Below are records to transcribe exactly, without their pictures.

Short text fragments from websites
────
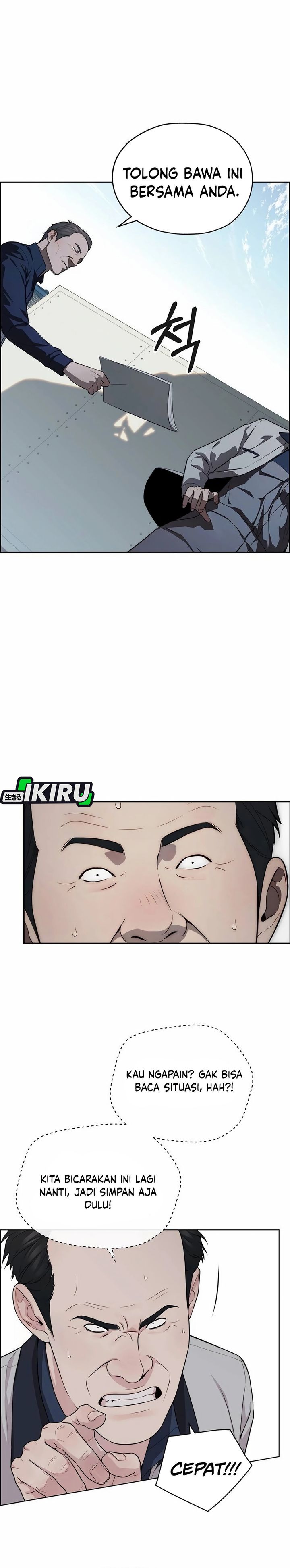 Read The Man Bahasa Indonesia (ID) Manga Online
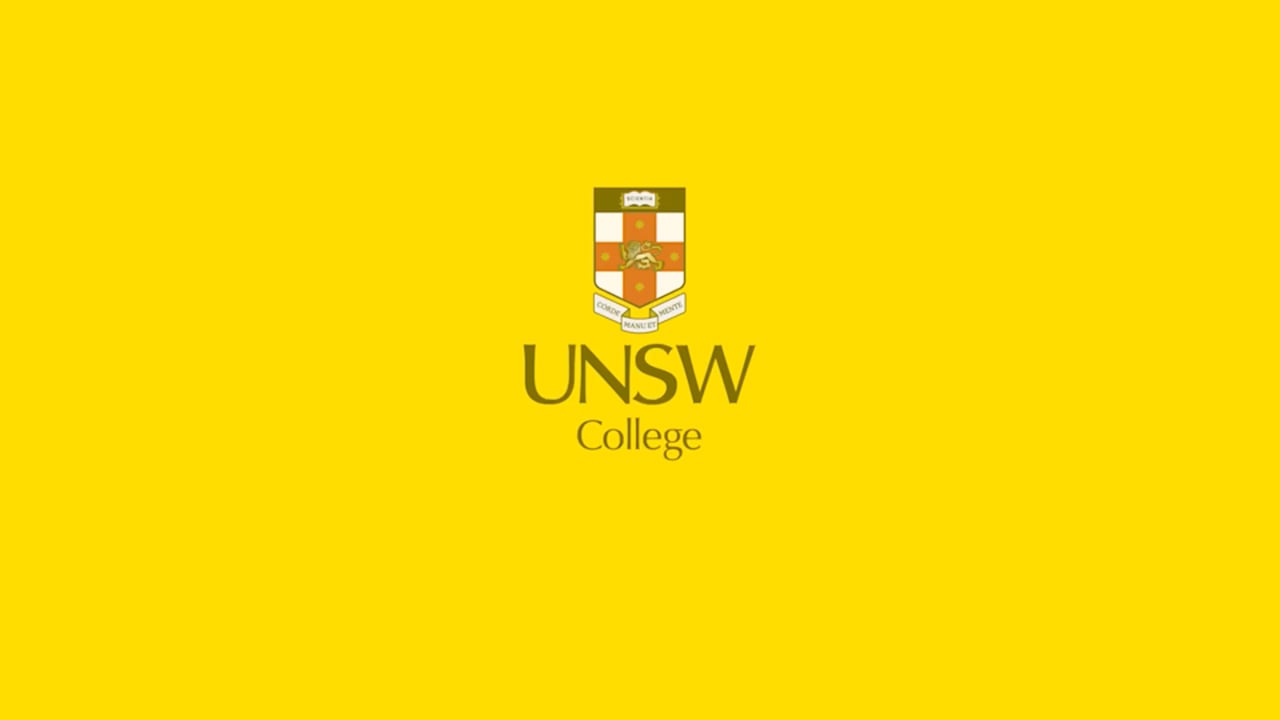UNSW College student video, Zarco Creative video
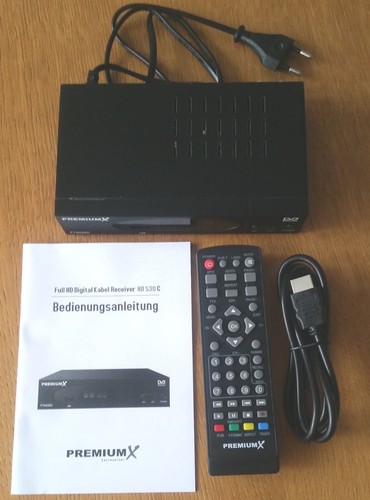 Premiumx kabelreceiver digital - kabelreceiver,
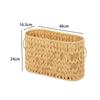 Imitation Rattan Woven Storage Basket for Toilet Paper and Sundries
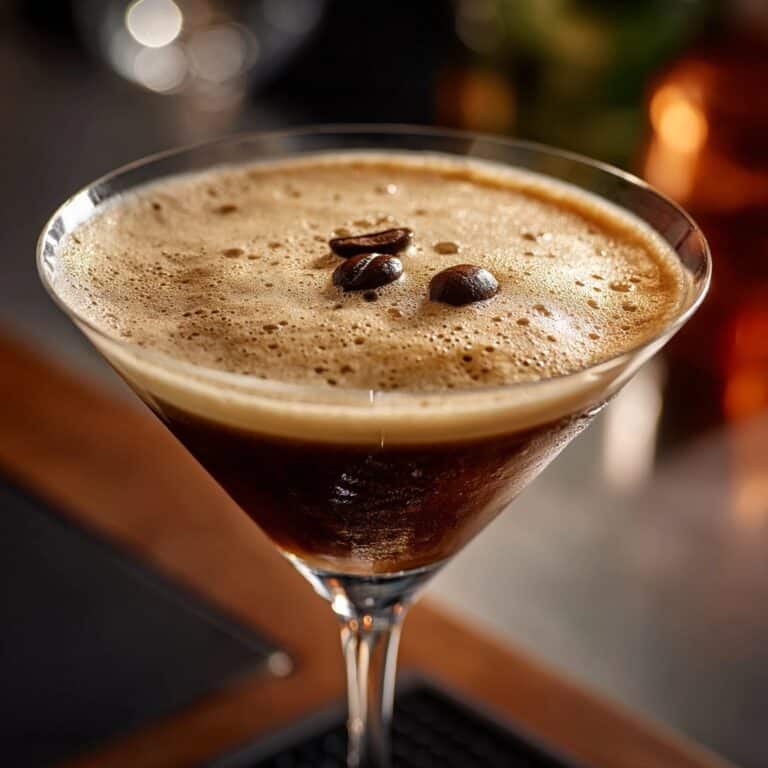 Easy Espresso Martini Recipe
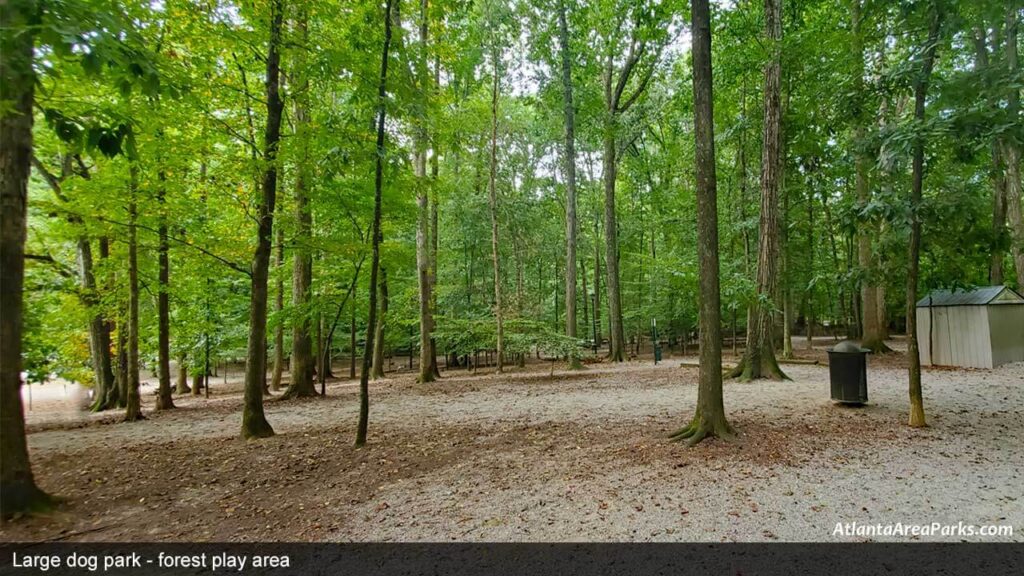 Brook-Run-Park-Dekalb-Dunwoody-Large-dog-park-forest-play-area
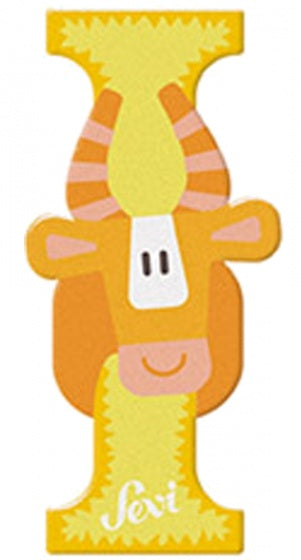 Sevi Tierbuchstabe F 9 Cm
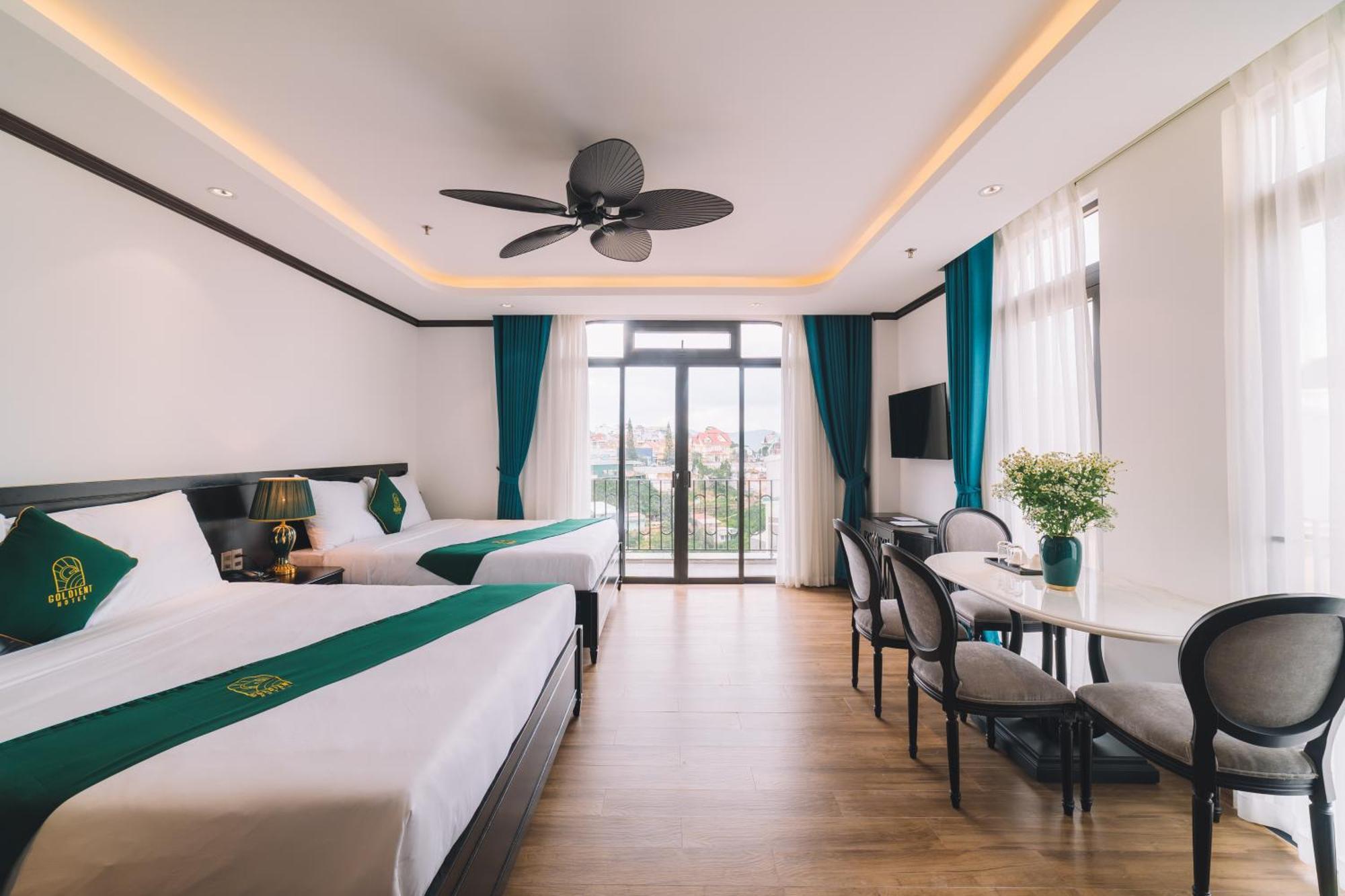 Goldient Boutique Hotel Νταλάτ Εξωτερικό φωτογραφία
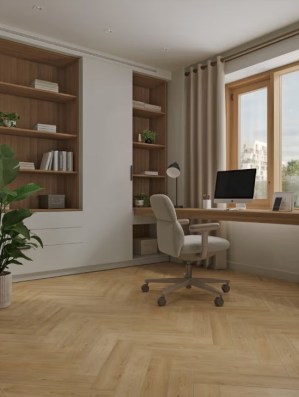 Ламинат Alpine Floor LF121-2 Дуб Севилья Murano Herringbone (Английская елка) фото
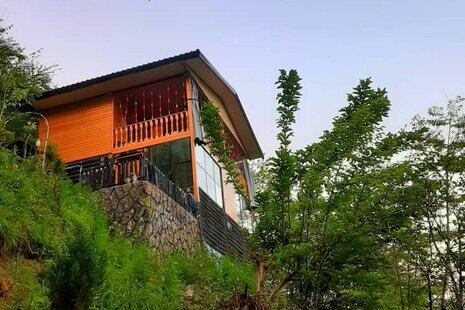 کلبه دوبلکس دوخواب مبله در سوادکوه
────
**Result:**
 Read The Man Bahasa Indonesia (ID) Manga Online
UNSW College student video, Zarco Creative video
 Premiumx kabelreceiver digital - kabelreceiver,
 Imitation Rattan Woven Storage Basket for Toilet Paper and Sundries
 Easy Espresso Martini Recipe
 Brook-Run-Park-Dekalb-Dunwoody-Large-dog-park-forest-play-area
 Sevi Tierbuchstabe F 9 Cm
 Goldient Boutique Hotel Νταλάτ Εξωτερικό φωτογραφία
 Ламинат Alpine Floor LF121-2 Дуб Севилья Murano Herringbone (Английская елка) фото
 کلبه دوبلکس دوخواب مبله در سوادکوه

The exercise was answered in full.